我們要到贛江去,對我們贛人的母親河——滔滔贛江水,我們起誓:

不崛起,勿寧死!

在這道有些似小孩撒尿一樣稀稀瀝瀝,總算是有長長短短的聲音無奈堅持下來的風景裏,我亦有些遺憾。

除了未能夠將知識精英於四麵楚歌中的悲壯一呼,轉換成一場真正震撼廣袤贛地的思想解放運動外,就文化人自身的理性陣營而言,還缺乏強有力的“打擊力度”。討論中,大概是出於善良的打氣,還隱約有這樣的邏輯:因為有著昨日的輝煌,江西便一定能夠獲取明日的輝煌。或者對於江西前景的改變,過度地注重器物層麵的條件。當時,一次性複線的京九鐵路正在江西南北全境內鋪著,其長度占到總長的三分之一。真可謂廬山轉身,梅關回眸,十有八九的江西人,都視就要穿越自己家園的鋼鐵大動脈上,將會隆隆地駛來一個江西百年難逢的曆史機遇。

在這之前我就想,大京九列車不會隻賣單程票,僅售出去的,不售進來的。

倘若走不出去,麵臨的就會是更加洶湧的鐵桶般的圍城;倘若我們新生的還不能壯大,該消亡的還不見消亡,贛經濟的空殼化及贛文化的老年癡呆症,將是難以避免的。那時,自然江西還在中國的行政區劃上,可中國文化的版圖上它已經杳如黃鶴。自然還會有贛人在幹著各行各業,他們在生命質量上,卻不比在鐵路沿線上刨幾根幹蔗、煮一鍋茶葉蛋上車去賣的孩童老嫗高出多少……

以下的這段文字,作為詩歌來欣賞,其想象力是頗有氣勢的——

宋代的贛文化與發生在江西境內的現代中國革命是贛文化的兩個輝煌,這一古一今剛好形成了一個啞鈴狀的文化現象。豫章古城的滕王閣與英雄城南昌的八一起義紀念塔,又是贛文化另一個輝煌的啞鈴。這兩個啞鈴,分別跨越了時間和空間,它由“贛巨人”高舉著,麵對著中國乃至全世界做著擴胸運動。

關於前一個“啞鈴”,宋代的贛文化將放在後文中細說。這裏可以先說的是,現代中國革命在給了贛地以巨大光榮之外,是否也給贛水抹上了一層殘照般的淒愴?

1927年鬆濤莽莽的井崗山。

邊區特委開會,每一個與會者的胸前都必須掛一根紅布條,上麵得寫上各人的出身,工人就寫工人,貧農就寫貧農,知識分子便寫知識分子。起初,陳正人心裏頗有幾分得意,他在吉安師範讀了兩年,實際上初中都未念完,在這些膚色黧黑、手大腳大的勞動者中間,就算是知識分子了……一次開會選舉特委書記,一公布計票結果,他當選了,會上當即便像水開了鍋:

“不行,不行,共產黨是無產階級的政黨,一個知識分子怎麼能當書記?!重選,重選……”
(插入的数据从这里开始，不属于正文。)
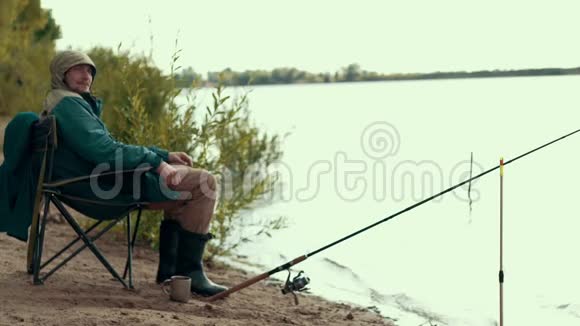 渔夫坐在河边的椅子上几乎是钓竿等待着咬人视频的预览图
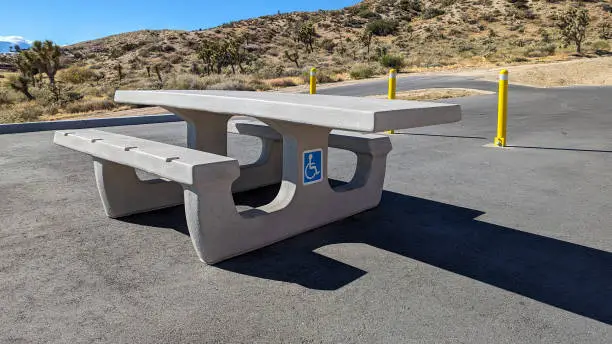 ADA Wheelchair accessible cement picnic table in a parking area of a desert recreation area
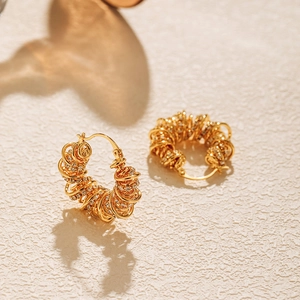 Gold-plated twisted wire hoop earrings with zircon pavé setting for a trendy look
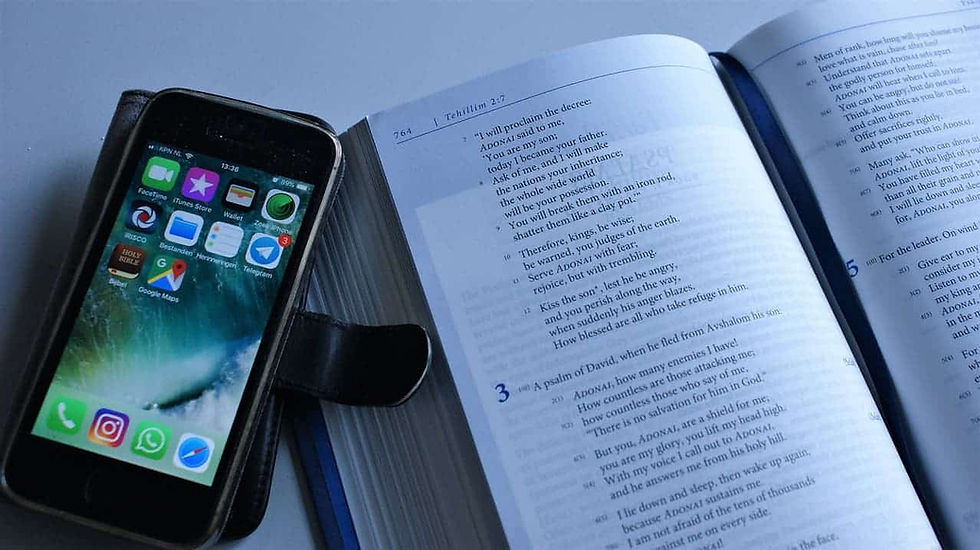 Cell phone next to open Bible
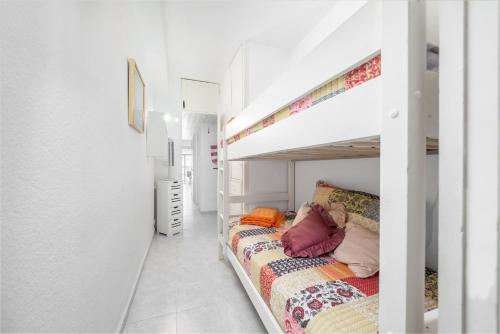 Двох'ярусне ліжко або двоярусні ліжка в номері Apartamento 15 Edificio Canopus
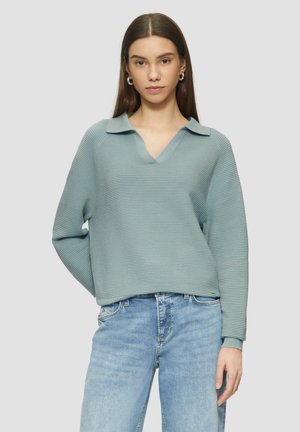 Light blue ribbed sweater with a V-neck and collar, featuring long sleeves and a relaxed fit, paired with light blue denim jeans.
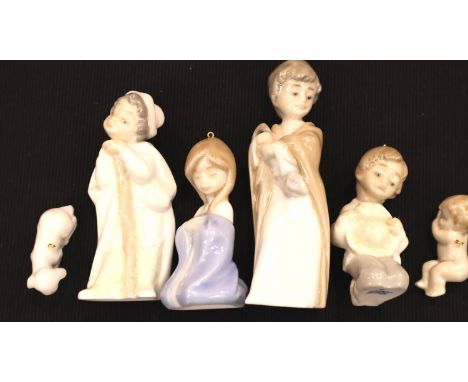 Two boxed Lladro sets of three Christmas ornaments. P&amp;P Group 2 (£18+VAT for the first lot and £3+VAT for subsequent lots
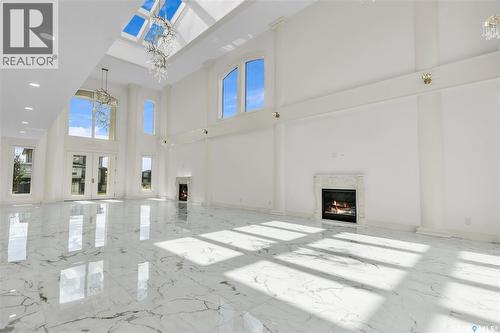 4204 Elderberry Crescent E, Regina, SK - Indoor Photo Showing Other Room With Fireplace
結果選了在印刷廠做過學徒的譚震林當書記。此後譚震林老呆在湖南那邊活動,特委這邊的工作還是陳正人幹得多,可他就是沒有“書記”的名分。近四十年後,在“文革”中的“牛棚”裏,當想起這件往事,他如是感歎道;“我們黨在幼年的時候,就很厲害嗬……”

對陳正人還是挺客氣的。1930年至1931年,在江西蘇區發生了整肅“AB團”的冤案和中共黨史上著名的富田事變,一支開創了橫斷江西半壁江山、縱橫700公裏、人口400餘萬的贛西革命根據地的紅二十軍,從軍長、軍政委到副排長以上幹部,除個別幸存者外,都被自己人處決了,全軍為之覆沒解體。大批地方幹部亦慘遭殺害,僅在湘贛革命根據地的中心——永新縣,據不完全統計,被打成“AB團”遭錯殺的便有1890人。

在蘇區中央局的指示下,中央湘贛臨時省委在各縣設立肅反委員會,在審訊中大搞逼供信,“嚴刑拷打,苦打成招,招了就定,定了就殺”。凡是出身不好的黨員、幹部,一律視為“AB團”分子。凡是字寫得好的人,講話有條有理的人,即被當成“AB團”給殺掉。半個世紀後,籍貫永新的康克清對黨史研究人員如是說道:

“隻要你胸前插上一支鋼筆,就被視為知識分子,就有遭受迫害的可能。如果戴上一副眼鏡,那就更糟……”(《文獻和研究》1984年第一期)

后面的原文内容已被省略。